On Saturday, Amado Flores will be among the lucky fans -- attendance will be capped at 10,000 -- to see the first preseason game at the new facility when the Quakes play the L.A. Galaxy.
"You don't even care for the price," said Amado Flores, a native of Mexico and a San Jose soccer fan through the franchise's many incarnations since the 1980s. "You just go to get in and make some noise, and feel like to be in Mexico only for a few minutes."
The opening of Avaya Stadium brings an end, mostly, to the franchise's wanderings. Past Quakes teams have played most of their home games at San Jose State's Spartan Stadium and, since 2008, at Santa Clara University's 10,000-seat Buck Shaw Stadium.
"It's important to have a permanent place. At this new site we have a stadium, a practice stadium, a locker room, front offices," said Jed Mettee, the team's vice president of marketing and communications.
In an effort to expand the franchise fan base, the team has made occasional big-game appearances at Levi's Stadium, Candlestick Park, Stanford Stadium, AT&T Park and the Oakland Coliseum.
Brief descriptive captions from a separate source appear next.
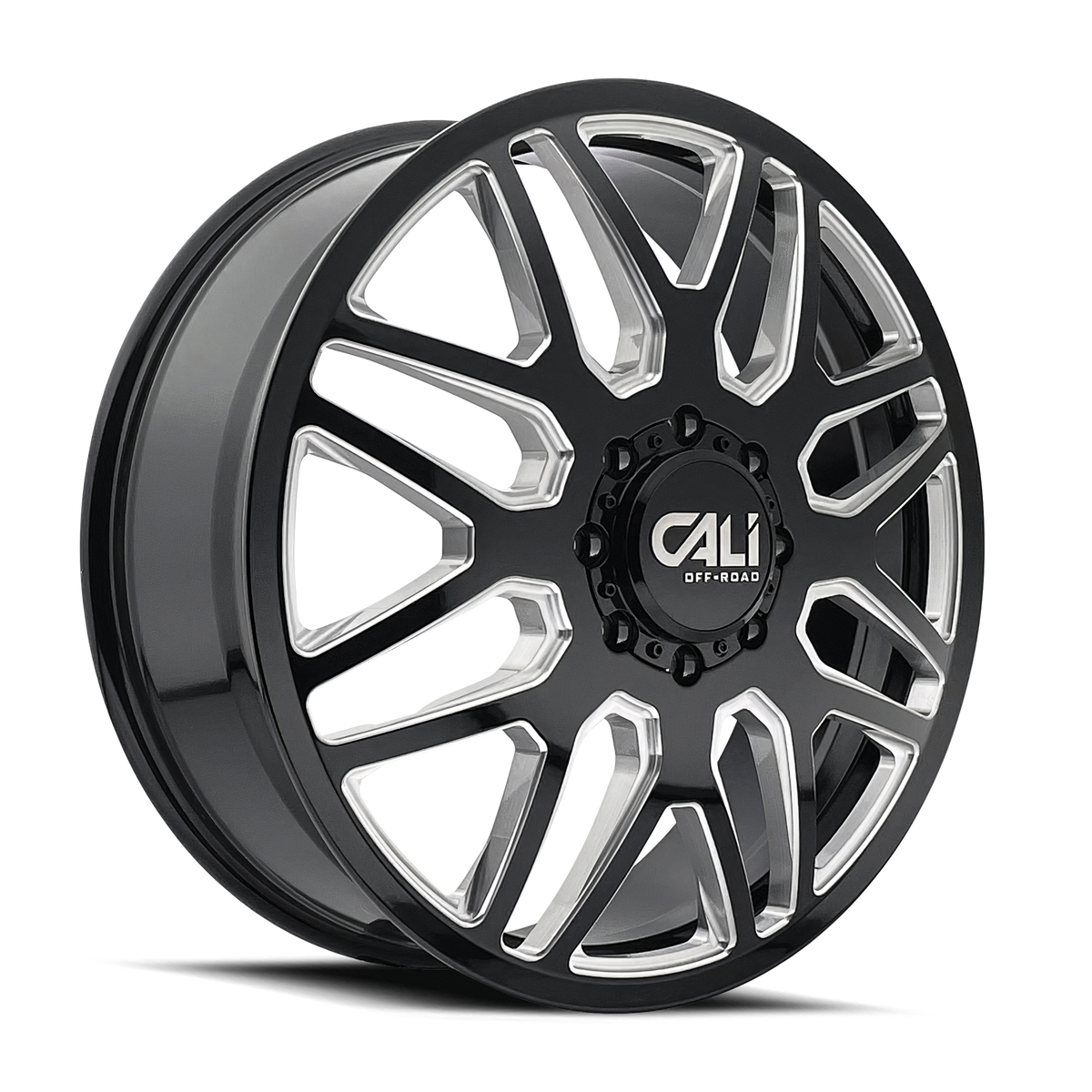 CALI OFF-ROAD INVADER DUALLY 9115D GLOSS BLACK MILLED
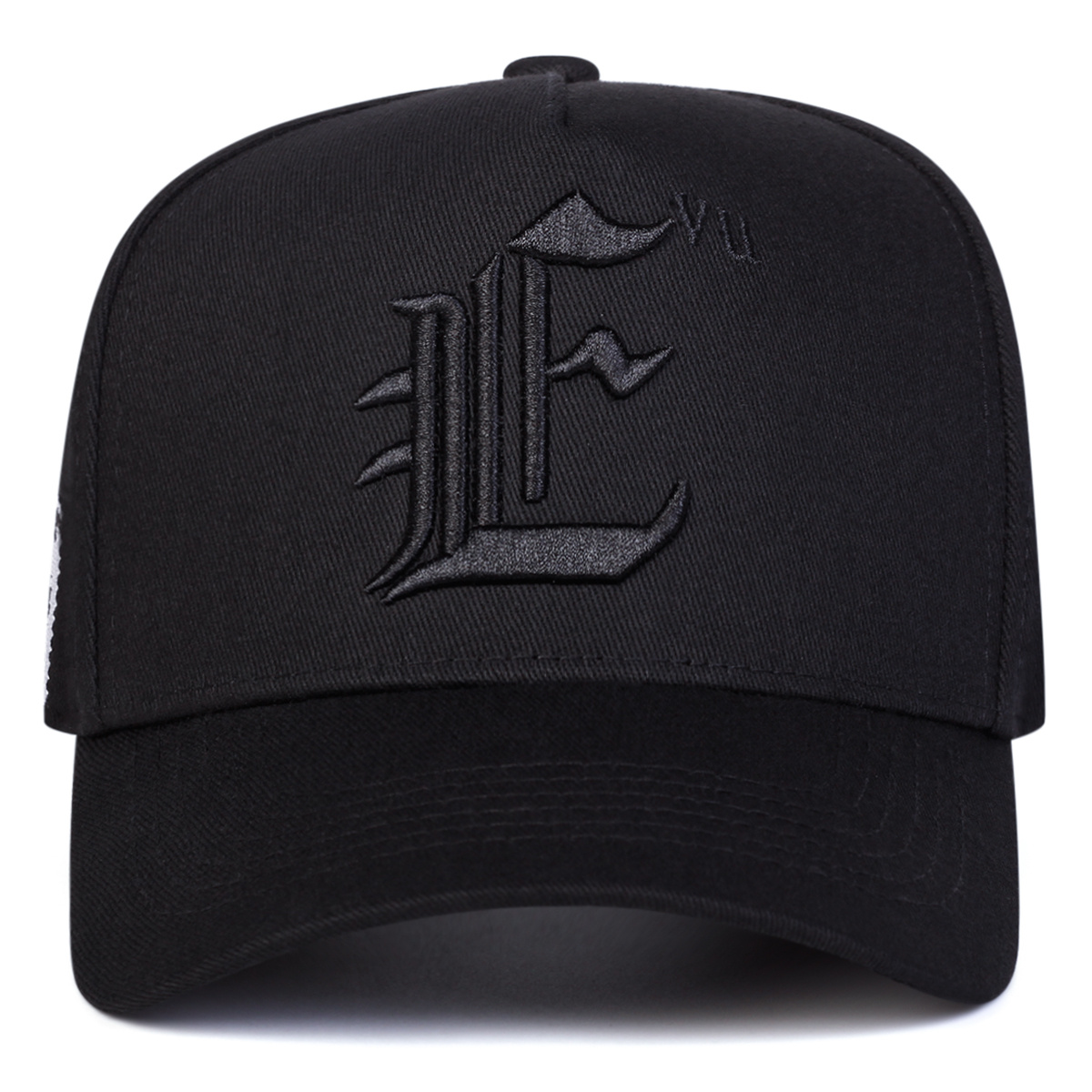 TEMU 1 Casquette de baseball brodée E pour homme, chapeau décontracté à panneaux, réglable pour l'extérieur, convient pour de printemps et d'automne,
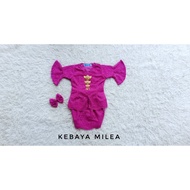 MILEA MODEL CHILDREN'S KEBAYA FUSIA COLOR (WITHOUT BROS) / CHILDREN'S KEBAYA / NEWBORN KEBAYA / MODE
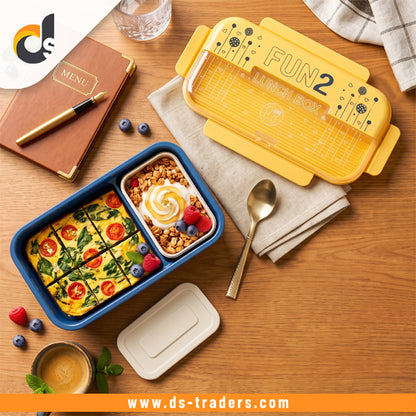 2-Compartment Meal Storage Lunch Box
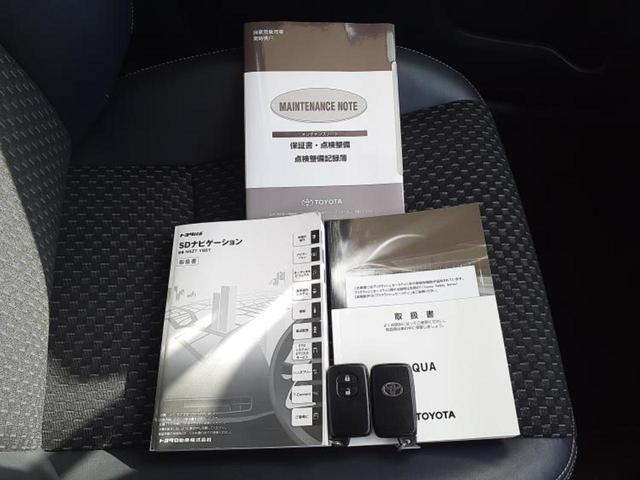 アクア クロスオーバー　保証書／純正　９インチ　ＳＤナビ／衝突安全装置／車線逸脱防止支援システム／シート　ハーフレザー／ドライブレコーダー　純正／ヘッドランプ　ＬＥＤ／Ｂｌｕｅｔｏｏｔｈ接続／ＥＴＣ／ＥＢＤ付ＡＢＳ　ドラレコ（35枚目）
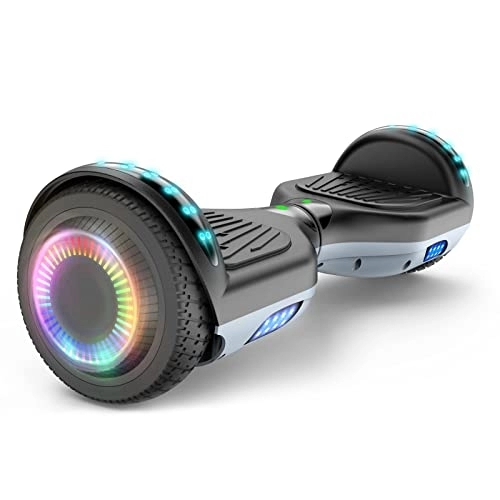 Self Balancing Segway : SISIGAD Hoverboard, with Bluetooth and Colorful Lights Self Balancing Scooter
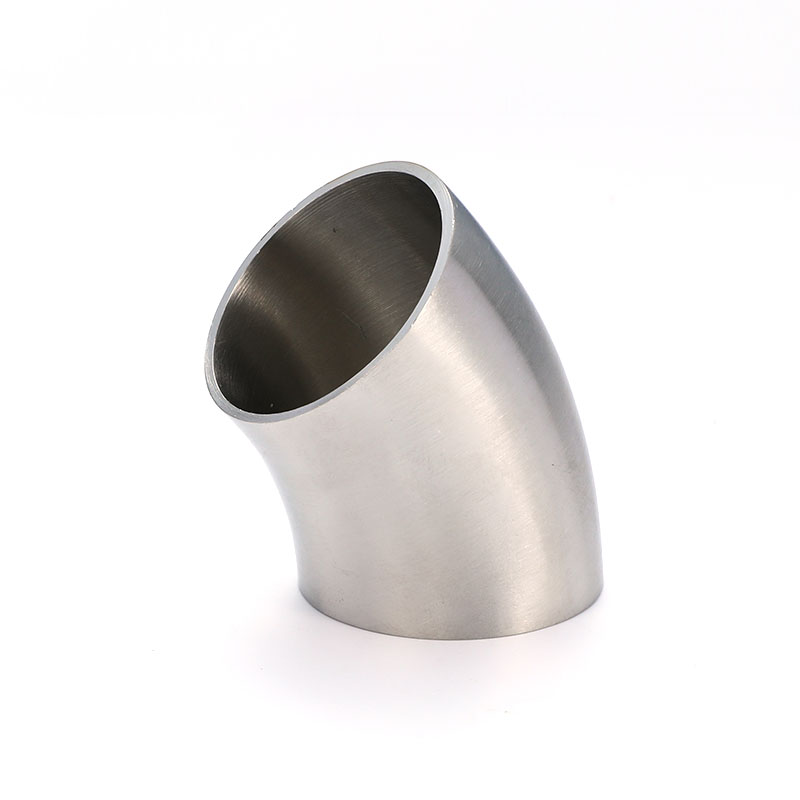45° Short Welded Elbow BS Sanitary Stainless Steel Pipe Fitting 45° Short Welded Elbow BS Sanitary Stainless Steel Pipe Fitting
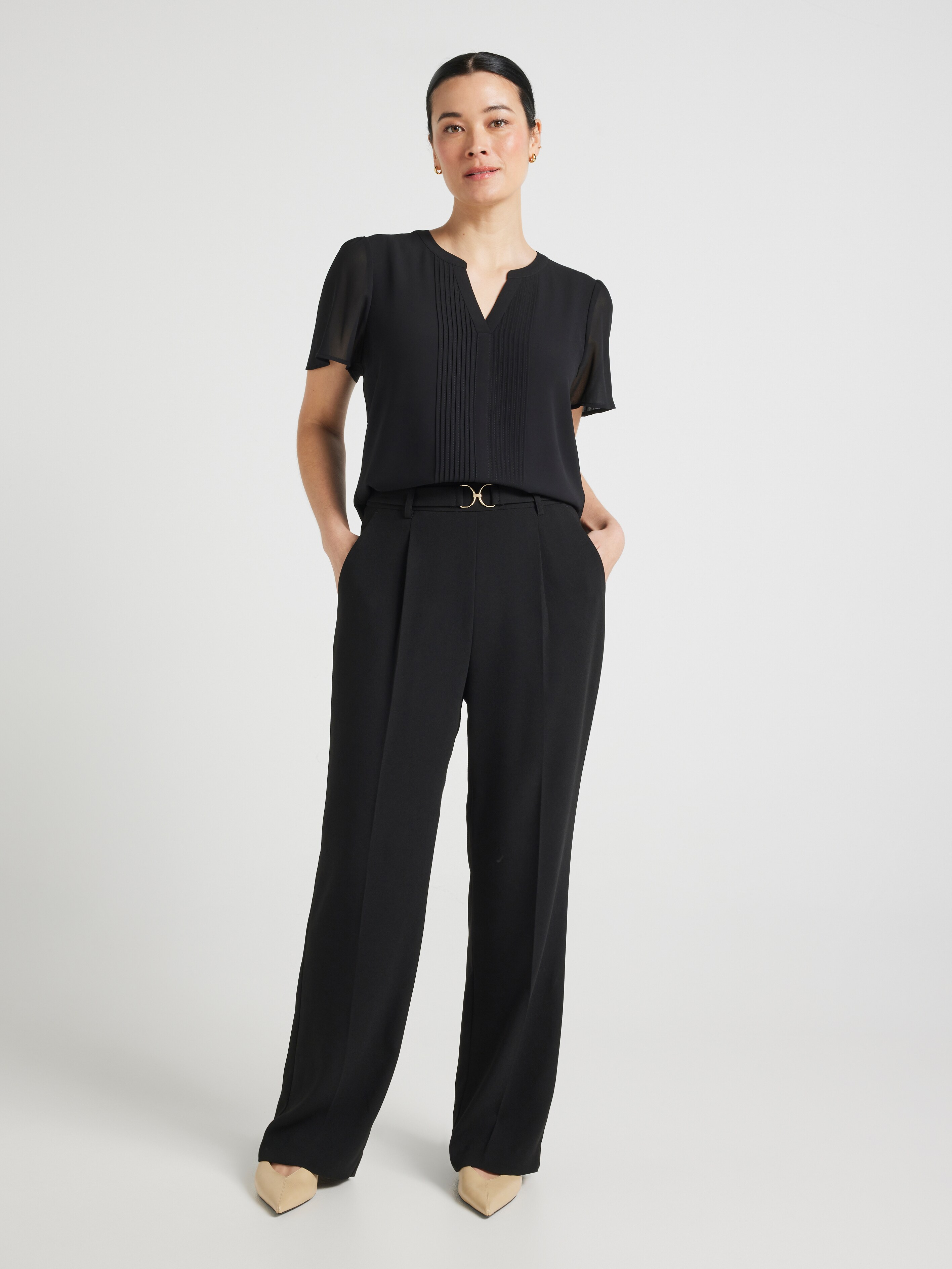 Caitlin Pintuck Blouse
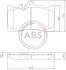 Комплект тормозных колодок, дисковый тормоз - (0446550250, 0446550240, 044650W060) A.B.S. 37261 (фото 1)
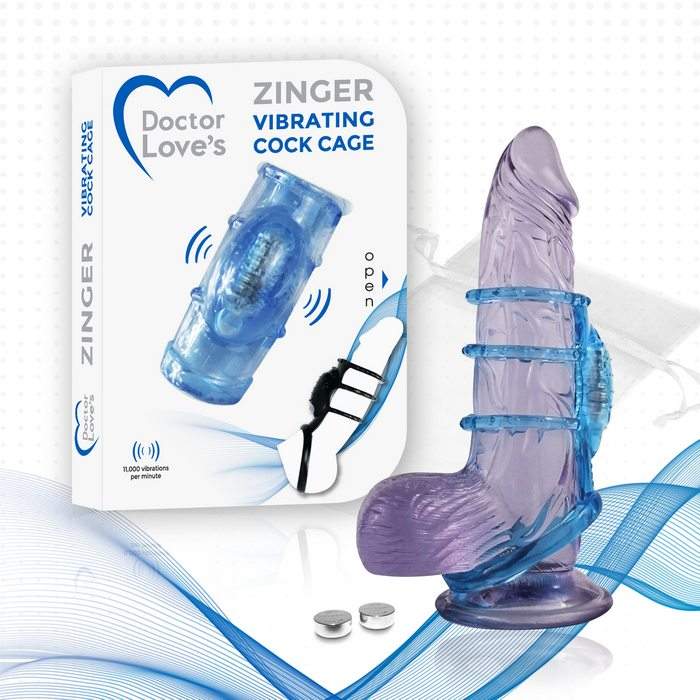 Fuzu Fingertip Massager - Neon Purple
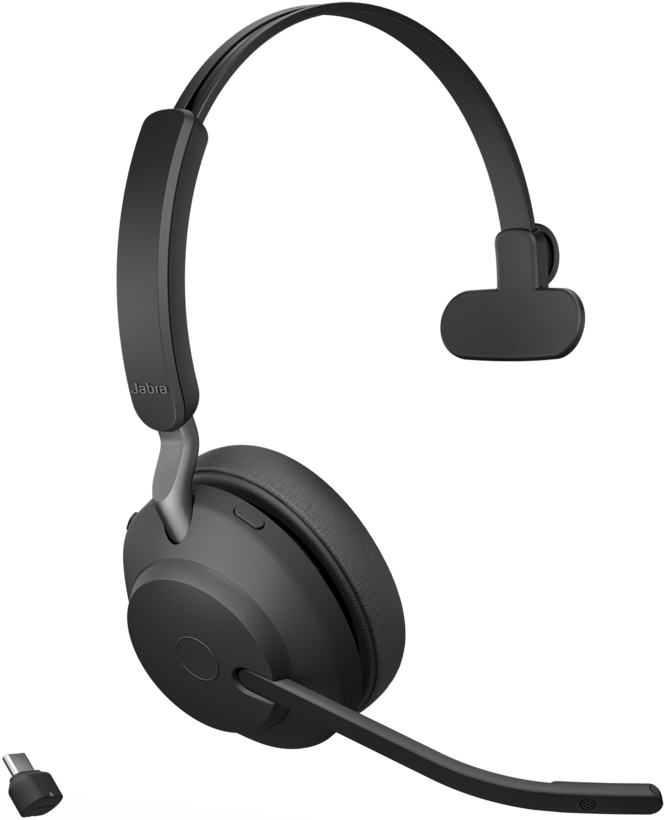 Jabra Evolve2 65 UC Mono - headset - 26599-889-899 - Wireless Headsets 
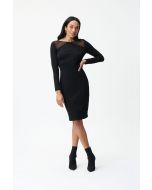 Joseph Ribkoff Black Dress Style 224252
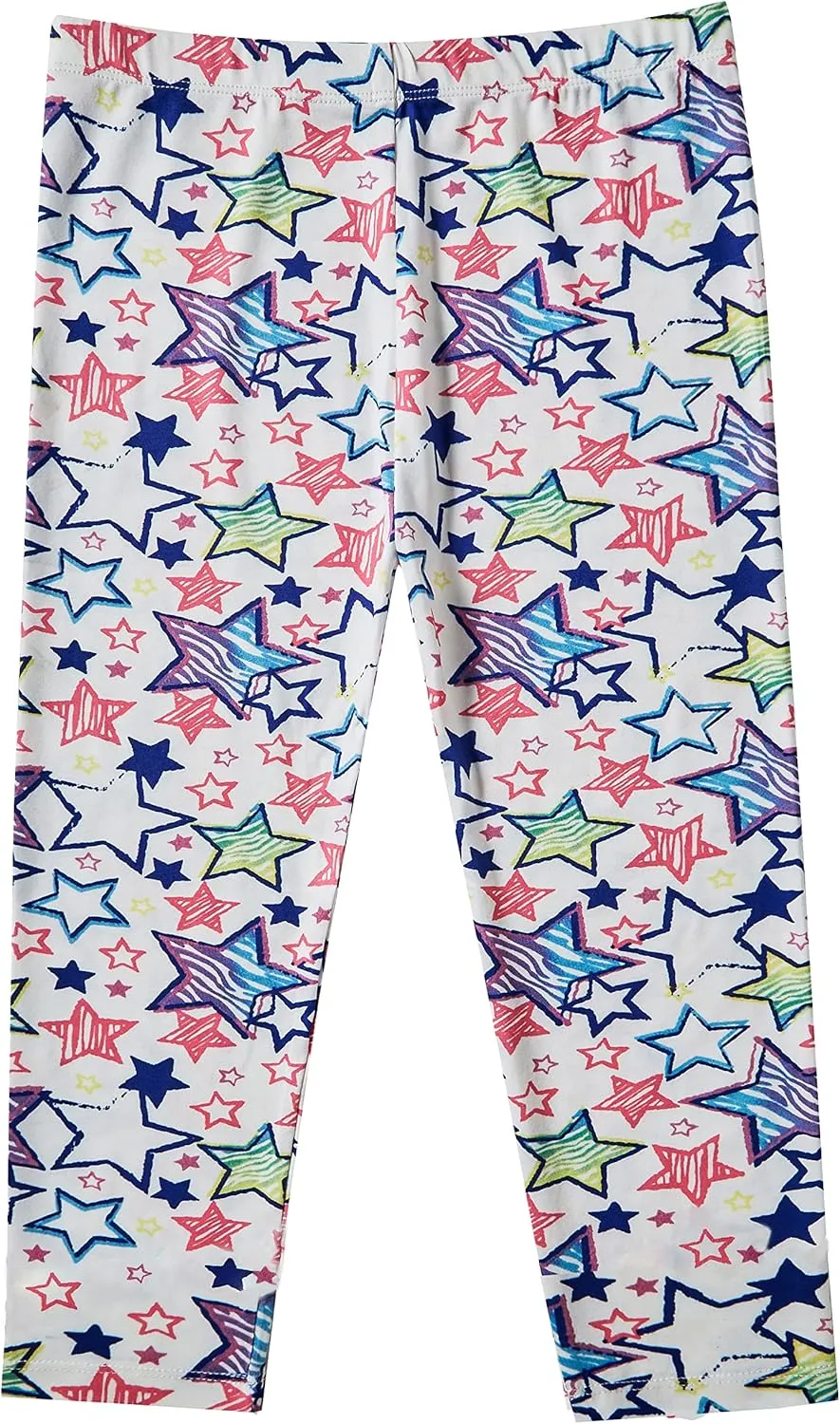 IRELIA 3 Pack Modal Girls Leggings Capri Solid Pant for School/Holiday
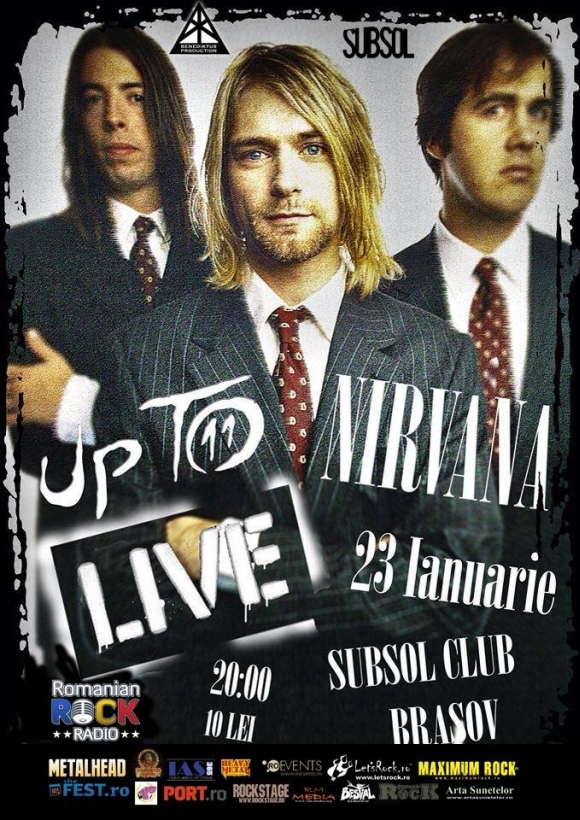 Concert Up To Nirvana live in Subsol Club din Brasov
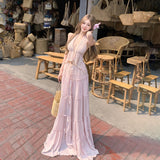 Vacation Wear Design Atmosphere Folded Neck Vest Half-Dress Suit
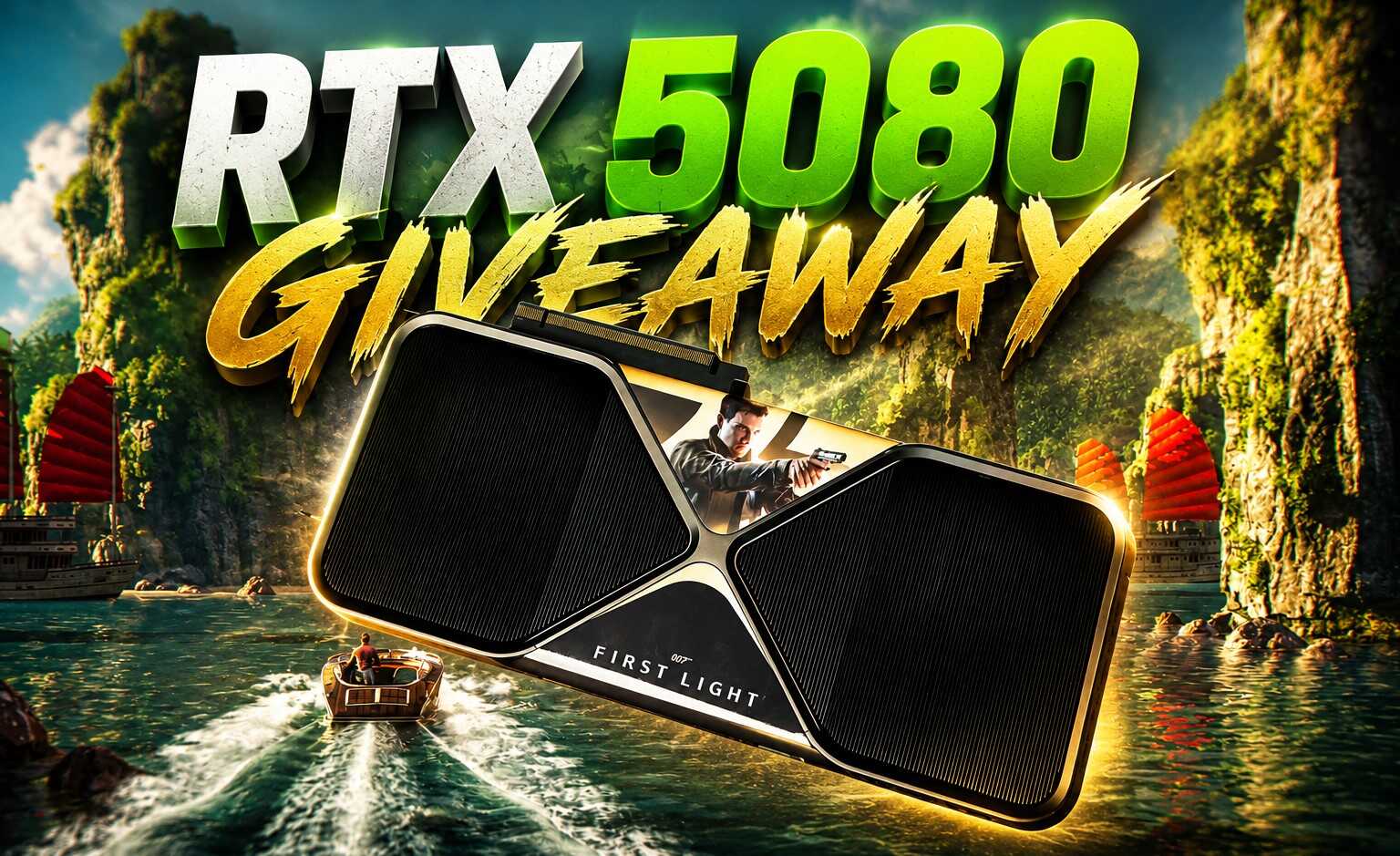 RTX 5080 Sahip Olma Şansı: 007 First Light Özel Serisi Çekilişi Başladı!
Mettee said the team will still do that at times.
Mettee said there will now be more exhibition games at Avaya Stadium. In May the U.S. Women's National Team will play Ireland there.
Avaya Stadium was privately financed by the ownership group, including Lew Wolff and John Fisher -- also owners of the Oakland A's. Santa Clara-based Avaya, a business services company, bought naming rights in a 10-year deal at $2 million a year.
The new stadium now sits on land that has gone through some changes. It was once home to FMC Corp., a diversified manufacturing company that, among many other products, built the Bradley Fighting Vehicle for military customers.
To highlight that connection with the site's past, the Quakes plan to display one of the vehicles in the stadium's main entrance.